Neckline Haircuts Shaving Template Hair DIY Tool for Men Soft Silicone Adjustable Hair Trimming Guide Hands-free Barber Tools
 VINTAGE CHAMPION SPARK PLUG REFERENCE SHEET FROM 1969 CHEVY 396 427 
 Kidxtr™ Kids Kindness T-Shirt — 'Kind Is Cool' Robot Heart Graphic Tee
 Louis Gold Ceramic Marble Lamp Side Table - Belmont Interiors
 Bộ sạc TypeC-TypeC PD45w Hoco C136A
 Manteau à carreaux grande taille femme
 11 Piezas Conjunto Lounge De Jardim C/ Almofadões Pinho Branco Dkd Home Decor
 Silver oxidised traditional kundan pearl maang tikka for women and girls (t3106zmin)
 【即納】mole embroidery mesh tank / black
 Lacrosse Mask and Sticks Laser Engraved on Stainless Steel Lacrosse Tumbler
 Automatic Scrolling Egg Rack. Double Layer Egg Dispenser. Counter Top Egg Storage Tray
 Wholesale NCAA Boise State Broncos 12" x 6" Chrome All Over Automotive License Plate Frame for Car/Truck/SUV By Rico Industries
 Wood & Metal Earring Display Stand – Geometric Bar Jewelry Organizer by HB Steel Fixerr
== == ==
* _What the task requires_:
Scan the listing and report each line where the word "Steel" shows up.

* _Answer below_:
 Lacrosse Mask and Sticks Laser Engraved on Stainless Steel Lacrosse Tumbler
 Wood & Metal Earring Display Stand – Geometric Bar Jewelry Organizer by HB Steel Fixerr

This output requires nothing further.